Villager beaten after bridge burnt

A Princes Town man is liv­ing in fear af­ter a group of men broke in­to his house and beat him in front of his wife and two chil­dren, ac­cus­ing him of burn­ing a bridge in the vil­lage which left res­i­dents ma­rooned.

Luke Phangy­ou, 32, de­nied that he set fire to the bridge and plead­ed with Po­lice Com­mis­sion­er Gary Grif­fith to in­ter­vene in the mat­ter as he claimed the po­lice were not tak­ing his re­port se­ri­ous­ly.

Last Fri­day, the wood­en bridge near his home, at Buen In­ten­to Road, Gob­in Vil­lage, was set on fire.

Fire­fight­ers were able to ex­tin­guish the blaze. How­ev­er, on Tues­day the ar­son­ist re­turned and fin­ished the job.

The bridge has been cor­doned off as it is now im­pass­able. Speak­ing with Guardian Me­dia on Tues­day, Phangy­ou showed the bruis­es to his back and shoul­der.

“My whole head, my two legs swollen. All my back have in­juries.

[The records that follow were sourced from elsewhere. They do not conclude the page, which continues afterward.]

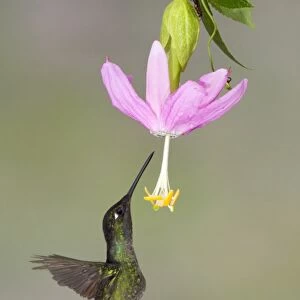 Magnificent Hummingbird (Eugenes fulgens) adult male, in flight, hovering and feeding on nectar from flower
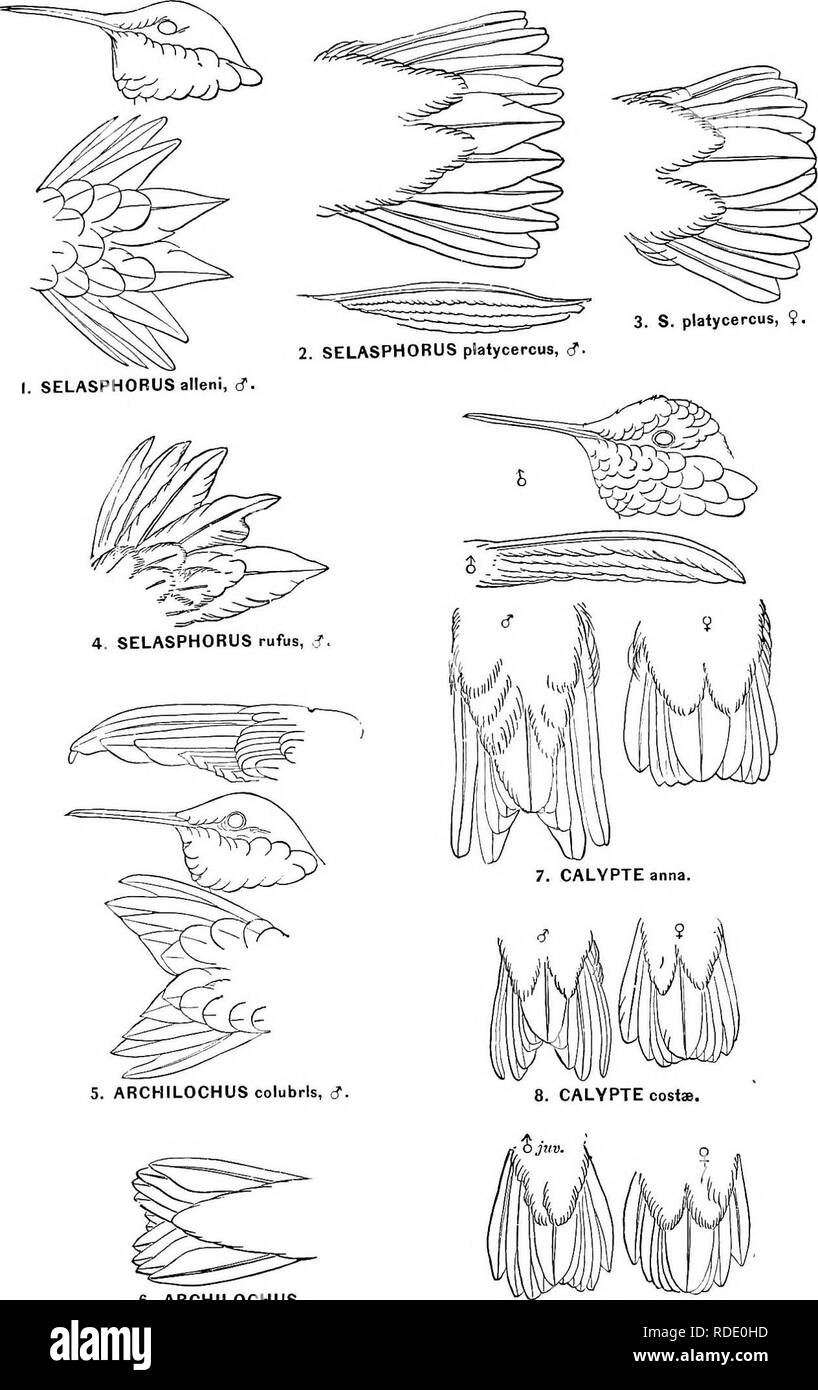 . Las aves de América del Norte y América Central : un catálogo descriptivo de los mayores grupos, géneros, especies y subespecies de aves conocidas se producen en América del Norte, desde el Ártico Tierras del Istmo de Panamá, las Indias Occidentales y otras islas del mar Caribe, y el Archipiélago de Galápagos. Las aves. U. S. National Museum BU LUETIN Nº 50, Parte 5, PL. XXIV. 6. ARCHILOCHUS colubris, V' 3. ARCHILOCHUS alexandri.. Por favor tenga en cuenta que estas imágenes son extraídas de la página escaneada imágenes que podrían haber sido mejoradas digitalmente para mejorar la legibilidad, la coloración y el aspecto de estas ilustraciones pueden no Foto de stock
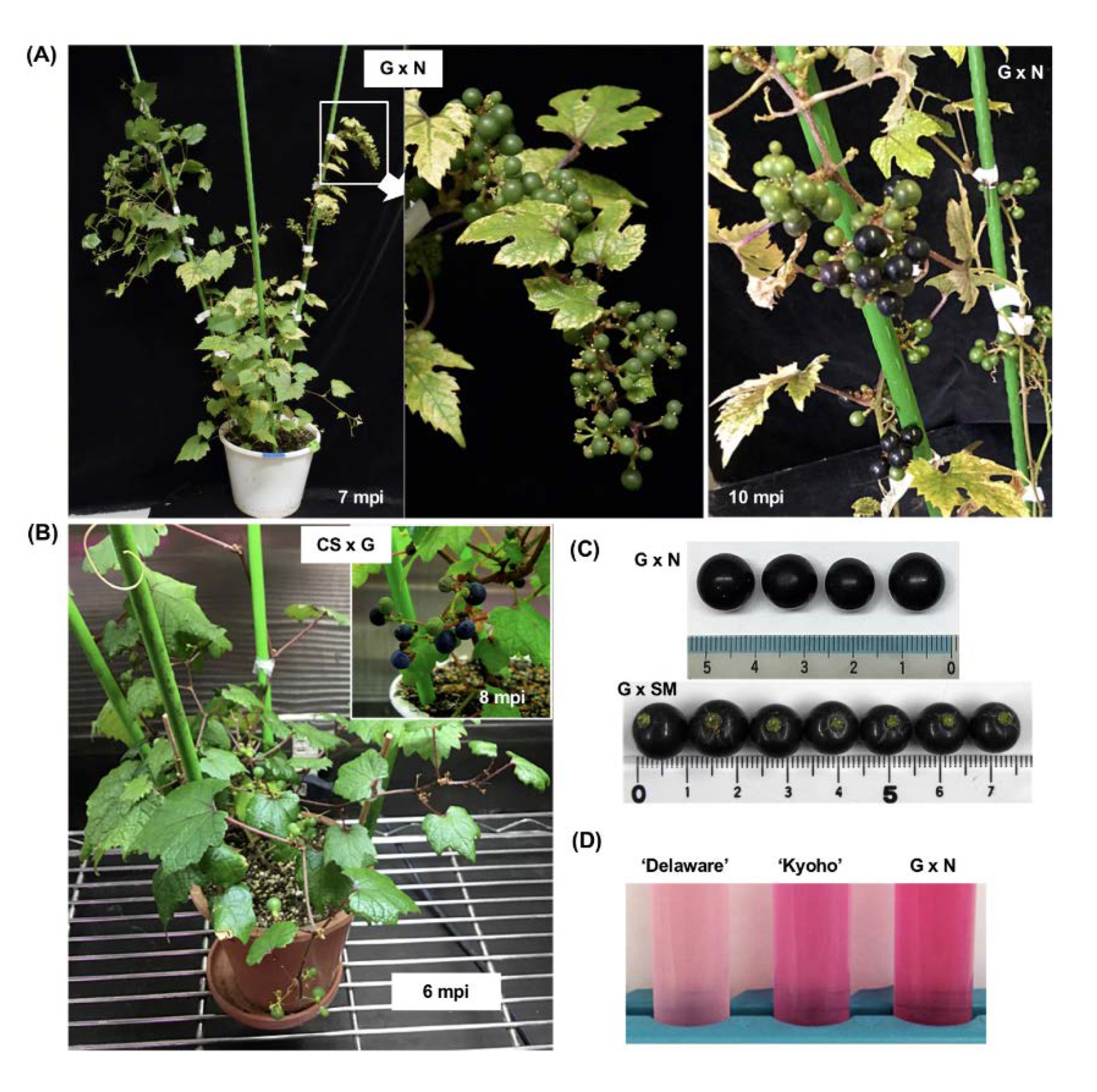 Viruses 12 00070 g006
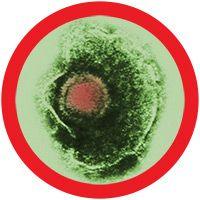 Giant Microbes Original Cold Sore (Herpes Simplex Virus - 1) Plush Educational Toy - Guzzgoggs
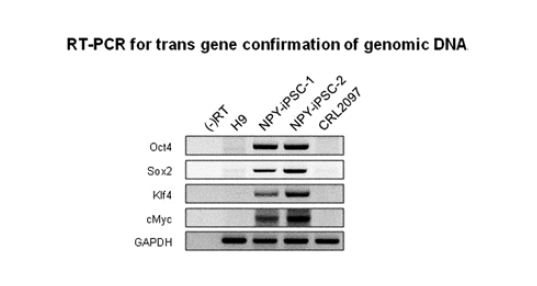 NPY를 첨가한 배양조건에서 제작한 유도만능줄기세포에서의 Oct 3/4, Sox2, Klf4, c-Myc 전사인자 숙주 genomic DNA내발현 양상을 분석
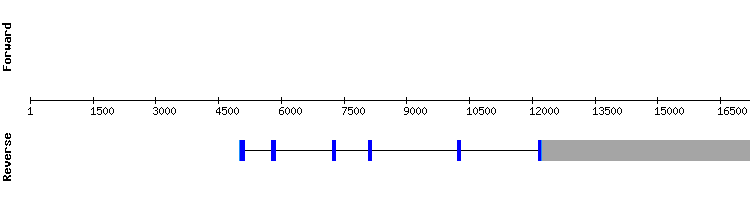 gene structure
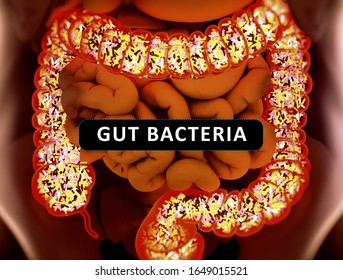 Gut Bacteria Microbiome Bacteria Inside Large Stock Illustration ...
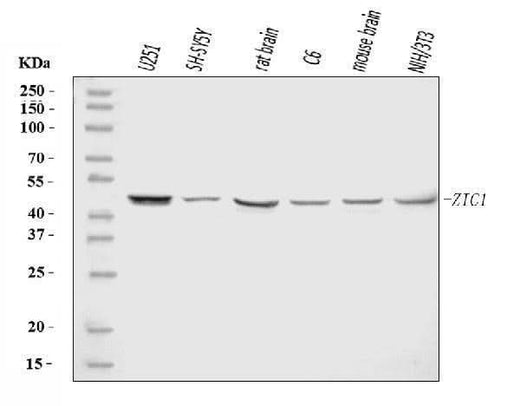 Anti-ZIC1 Antibody Picoband® Boster Bio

They drag me on the ground beat me with wood on my head.

They threat­en my wife and chil­dren and they say if I call the po­lice they go­ing to shoot­ing my house.”

Phangy­ou said the at­tack had noth­ing to do with the fire but stemmed from a re­port he made against one of the men for ha­rass­ing and threat­en­ing him.

Guardian Me­dia spoke to one of the men ac­cused of the in­ci­dent but he de­nied beat­ing Phangy­ou.

Re­call­ing the in­ci­dent, Phangy­ou, a wood­work­er, said on Fri­day night while he and his wife, Seema Ram­gob­in, 26, were at home with their chil­dren when they saw a fire brigade and a po­lice ve­hi­cle by the bridge.

At that time they thought the of­fi­cers were re­spond­ing to an ac­ci­dent. They put their daugh­ters, ages eight and nine months, to sleep and then re­tired to bed. How­ev­er, around 2 am on Sat­ur­day they were awak­ened by loud curs­ing and nois­es.

Phangy­ou said six men broke his door and ran in­to his house.

“They ask­ing me if I light the bridge on fire and they start to beat me non-stop with all kind of thing and any­thing they get in their hand on.

They start beat­ing me un­con­trol­lably. Af­ter I run across the road by my moth­er-in-law and they run be­hind me and they start to beat me in­side the yard.” He said the beat­ing on­ly stopped when the vil­lagers came out.

“They want­ed to kill me.”

Ram­gob­in, a house­wife, said the men be­gan pelt­ing bot­tles as they en­tered the house.

“I start to beg for them to stop. All in­side the bed was bot­tle. The chil­dren were cry­ing.”

She said one of the men tried to block her as she was flee­ing the house with her chil­dren. Ram­gob­in says she suf­fers from a heart con­di­tion and her heart swells when she is stressed. “Right now I have pain in my chest. I can­not take pres­sure.”

Phangy­ou said he made a re­port at the Princes Town Sta­tion on Sat­ur­day and re­turned on Mon­day.

“While the po­lice was tak­ing the state­ment I ask him if I could get to see the se­nior and he just for­get about my re­port com­plete­ly.”

He said the of­fi­cer told him to re­turn on Tues­day night to com­plete his state­ment, but he has no trans­port and taxis hard­ly work in that area at night.

Phangy­ou said he is afraid for the safe­ty of him­self and his fam­i­ly. When con­tact­ed a se­nior of­fi­cer as­sured that once a re­port is made it is in­ves­ti­gat­ed by the po­lice. He promised to look in­to the mat­ter.